The high court’s spokesman, Bill Gang, noted that much of the questionable behavior cited by The Times took place “five, 10 or 15 years ago.”
“I question the relevance,” Gang said. “Our judicial system has matured greatly in the past several years.”
None of the facts in The Times reports has been challenged. “It appears all their facts are accurate.... We take the allegations very seriously,” Rose said.
The senior judges asked to respond within three weeks to the articles were James A. Brennan, Joseph S. Pavlikowski and Stephen L. Huffaker. They have declined to comment.
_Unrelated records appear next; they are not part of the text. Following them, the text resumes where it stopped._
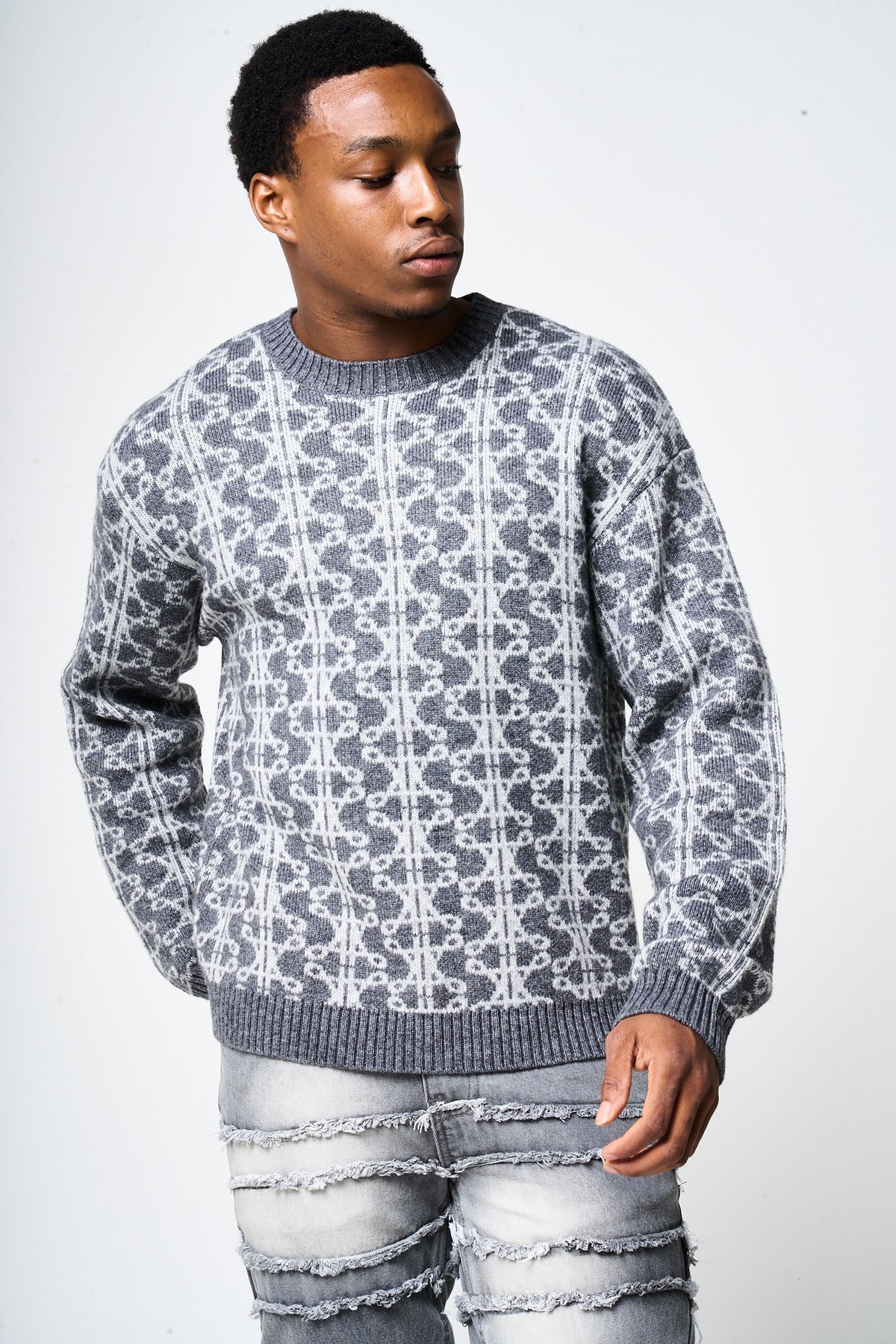 Pasquale Grey Knitted Sweatshirt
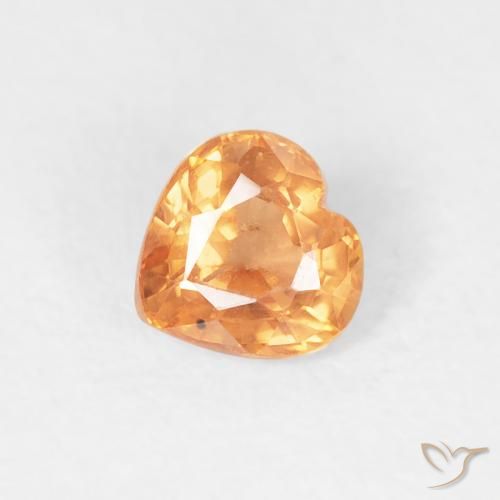 0.45ct Natural Medium Orange Sapphire, Heart, VS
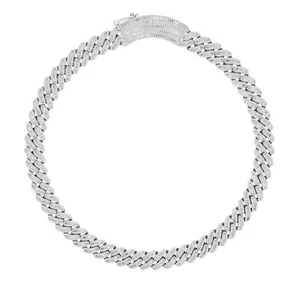 Collar Cubano 15MM Moissanita Real Hombre 28.08ct Redondo Baguette Chapado en Oro 14k - Imagen 1 de 18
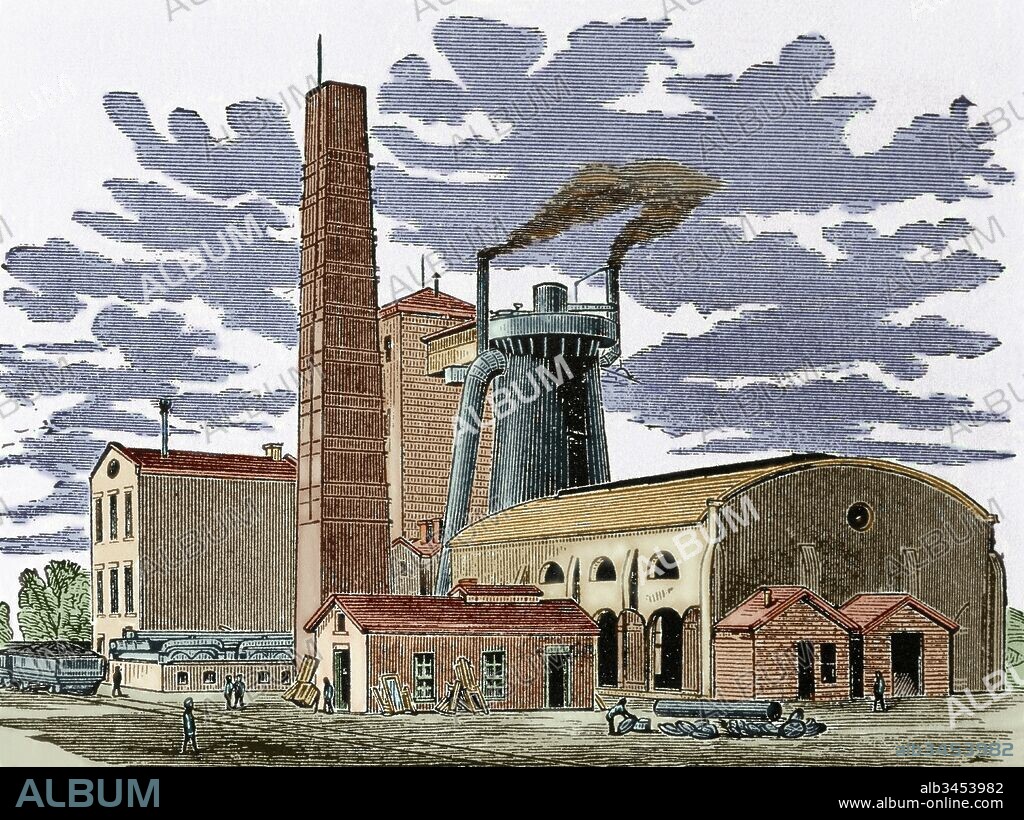 Historia de los Estados Unidos. Fábrica "Ashland" en el año 1876. Estado de New Jersey. Grabado del siglo XIX. Coloreado.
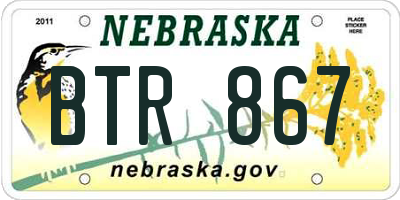 NE license plate BTR867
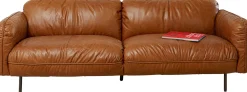 New KARE Design Sofa 3-osobowa skóra semianilinowa brązowa 226 cm - KARE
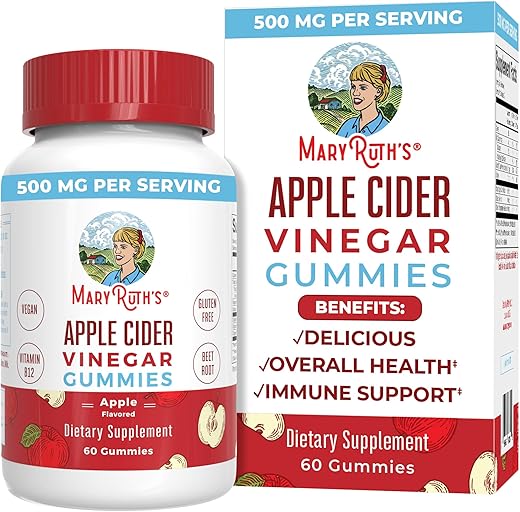 Gomas de Vinagre de Maçã | Gomas de ACV para Suporte Imunológico | Vegano | Não-OGM | Sem Glúten | 60 Unidades - MaryRuth Organics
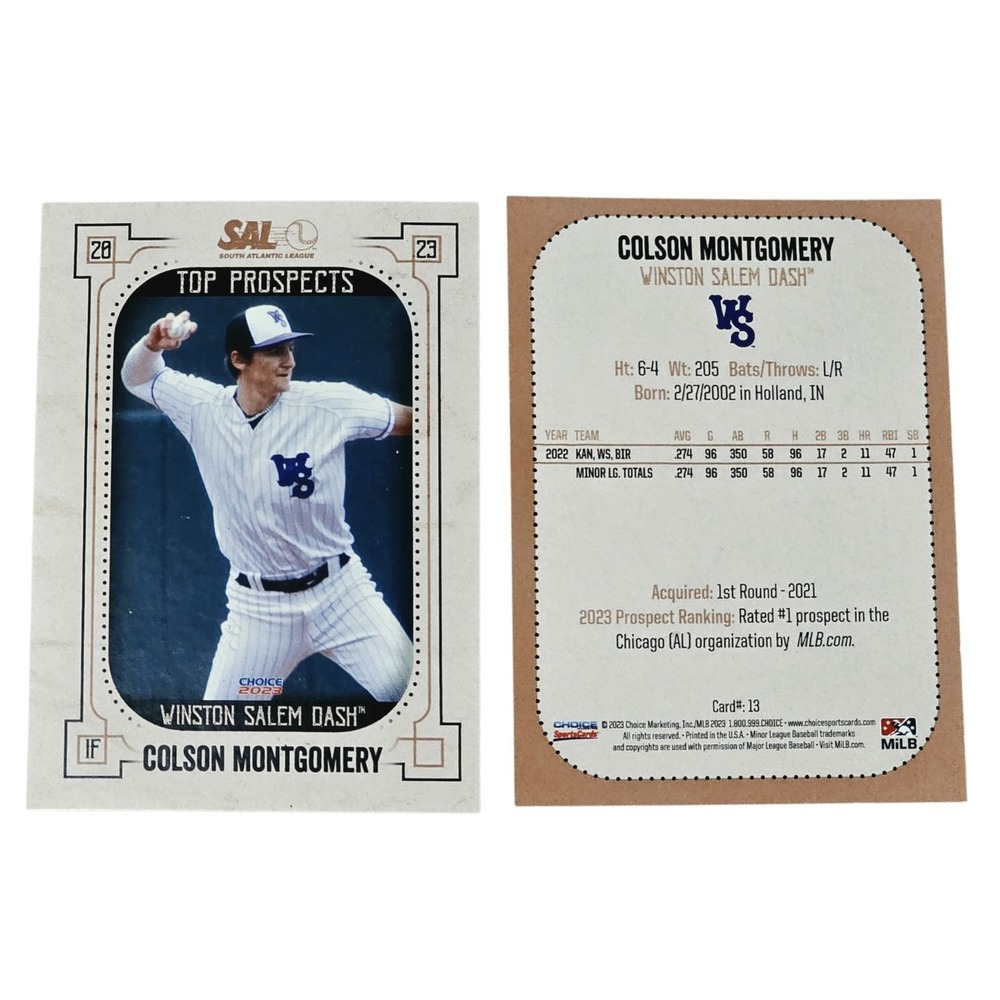 98x Colson Montgomery 2023 Choice SAL Top Prospects #13 White Sox Card Lot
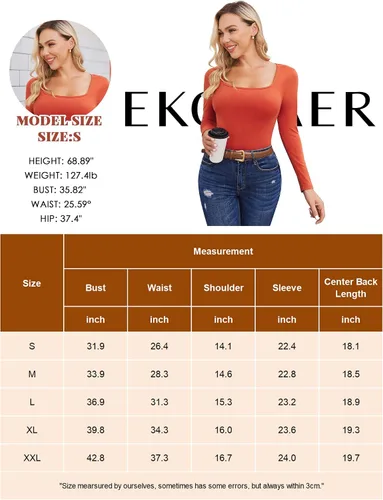 Vista 6 de Ekouaer Camisetas de manga larga para mujer, cuello cuadrado, ajustadas, de algodón, térmica, básica, elástica, S-XXL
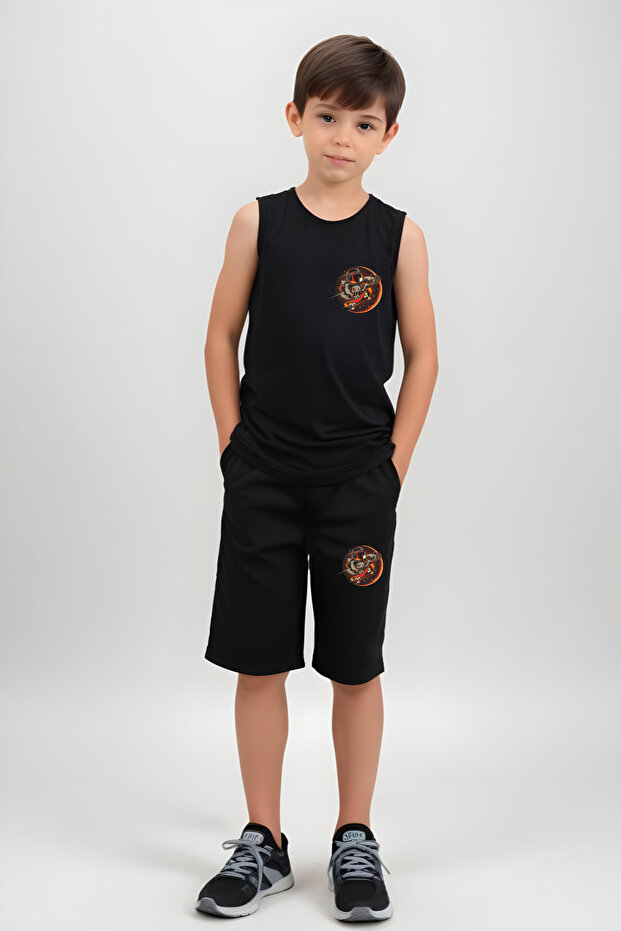 Astronaut Skateboard Printed Boys' Suspender T-Shirt and Shorts Set Top and Bottom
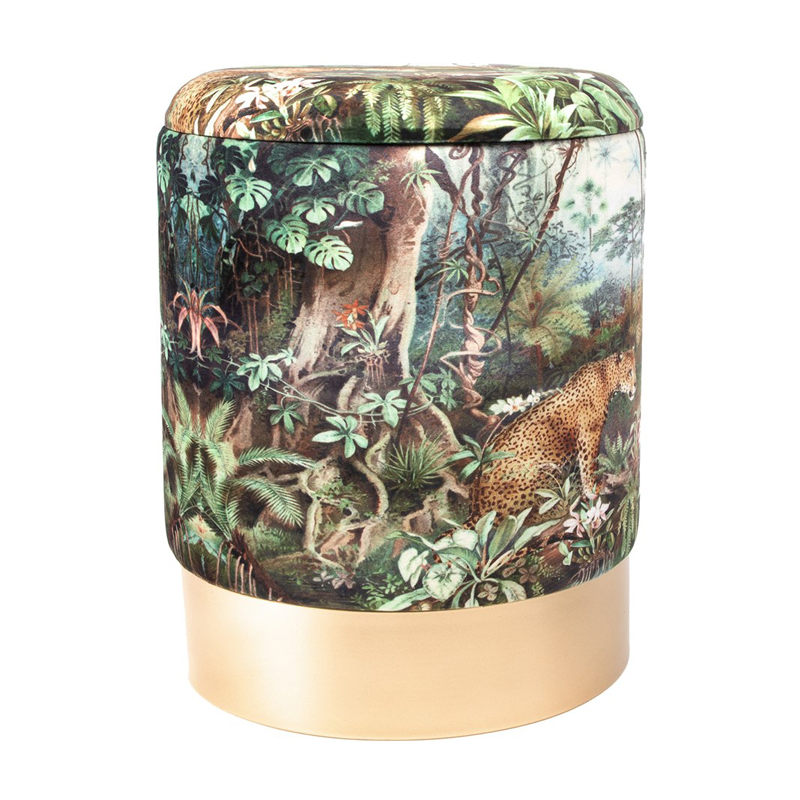 Пуф PUF Jungle Print lynx Мульти Золотой Пуф PUF Jungle Print lynx Мульти Золотой в Барнауле | Loft Concept
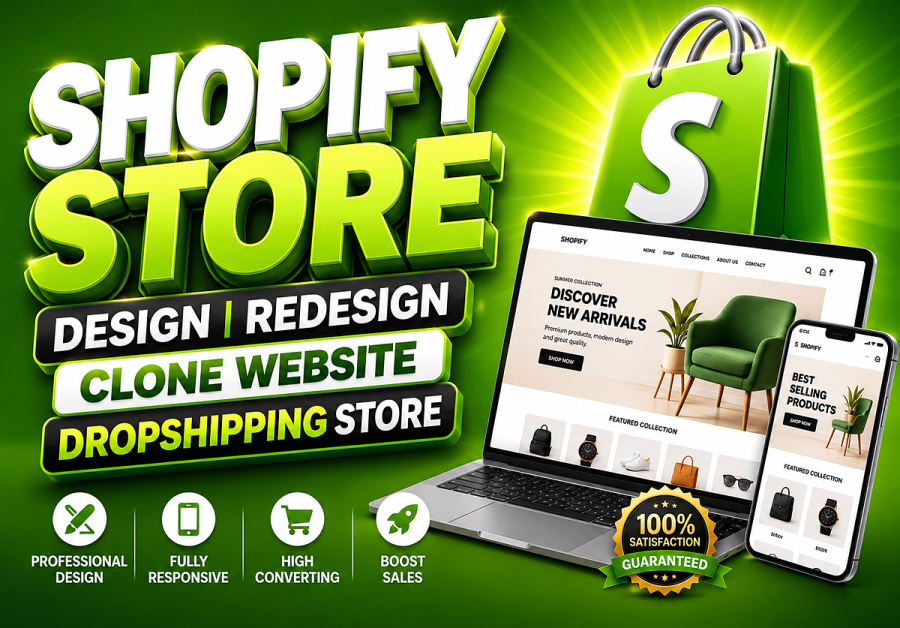 Build, design or redesign shopify store, shopify website development, shopify dropshipping store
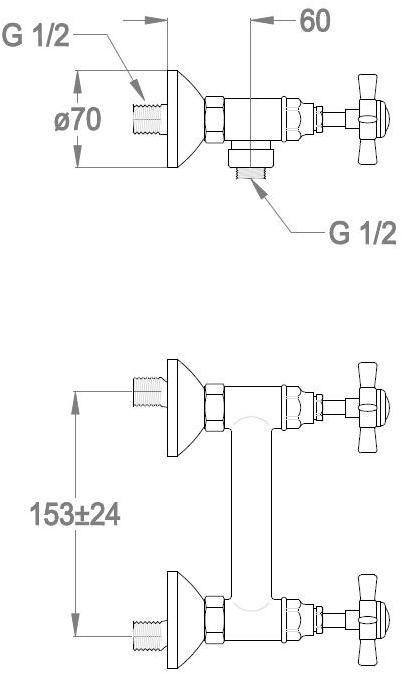 Fir Italia Смеситель для душа на 2 отверстия Canterbury 30 3032002 - Вид №1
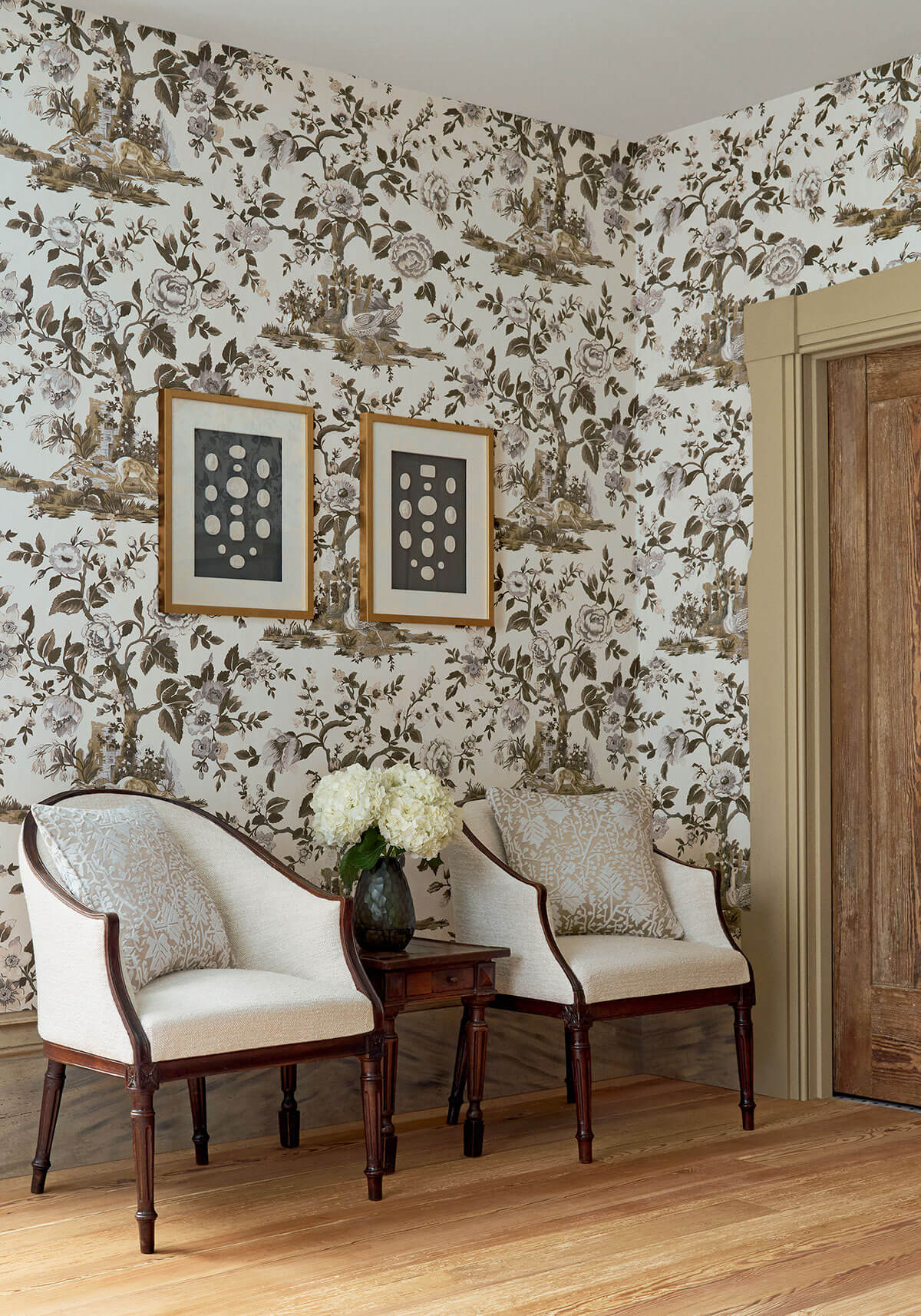 54 in. Thibaut Boxwood Forest Lodge Wallpaper Sample - Brown & White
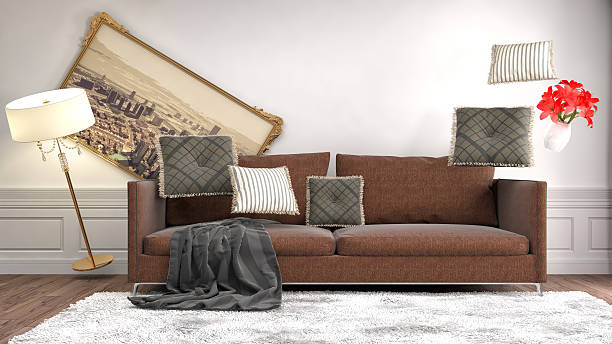 istock Zero Gravity furniture hovering in living room. 3D Illustration 614851498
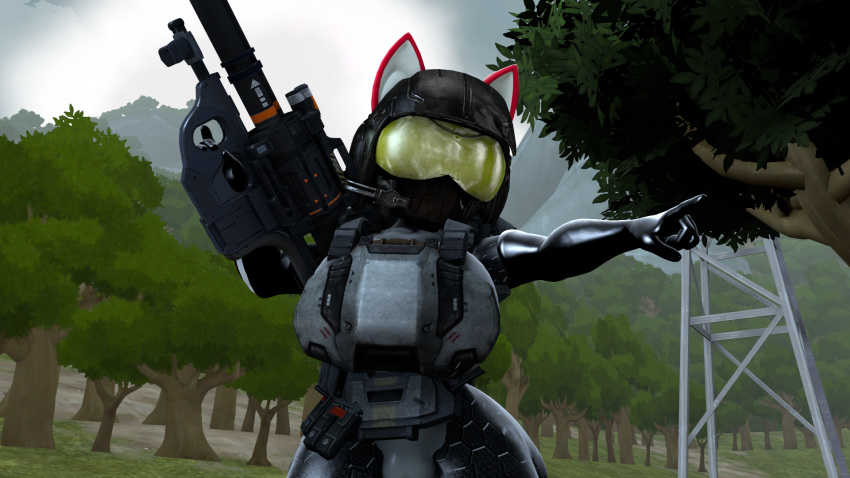 black_outfit g.u.n gesture halo hi_res jenna_the_fox military odst pointing sega sonic_the_hedgehog sonic_the_hedgehog_(series) spnkr weapon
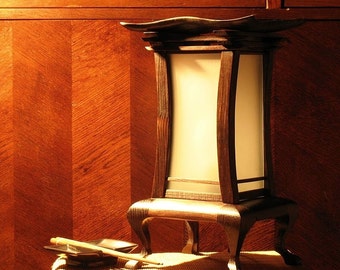 Handmade Himalayan Salt Table Lamp, Original Wooden Lamp, Asian Style Lamp
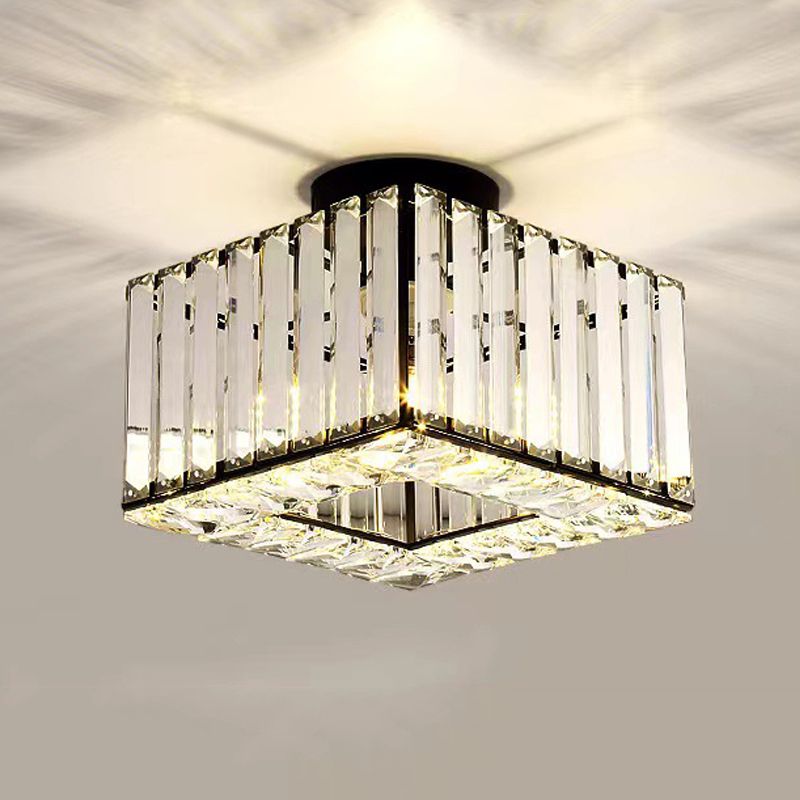 1-Light Modern Style Flush Mount Crystal Ceiling Light for Aisle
Among numerous assertions about the judges were that Brennan presided over at least 16 cases involving participants in his real estate ventures; that Pavlikowski accepted $2,800 in “comps,” or giveaways, from a casino whose boss later had cases before him, and that he showed repeated favoritism in rulings for the drunk-driving clients of a former law clerk; and that Huffaker presided over several cases involving casinos while they were providing his son with jobs and an $11,000 scholarship.
Mahan was a state district judge in Las Vegas until he joined the federal bench four years ago. In those two capacities, he was reported to have approved more than $4.8 million in judgments and fees without disclosing long-standing ties to those who benefited from the actions. Mahan has denied any conflict of interest.
The Times articles traced many of the questionable practices to the fact that Nevada judges facing election felt compelled to raise campaign funds. Most of the money comes from lawyers or companies that appear before the same judges in court cases.
Bill Raggio, Republican majority leader in the state Senate, has said he plans to introduce legislation to require that judges be appointed instead of elected, thus eliminating the campaign issue. The Supreme Court and the state bar have endorsed such action before, and Rose said Thursday he would push hard for it again. But that would require a change in the state constitution, and voters have rejected it twice.
The state’s legal establishment is preparing legislation to free judges from raising campaign funds unless someone is running against them. Most judges run unopposed, yet they raise tens of thousands of dollars to run campaigns. Much of the money goes unspent and is not always accounted for, The Times reported.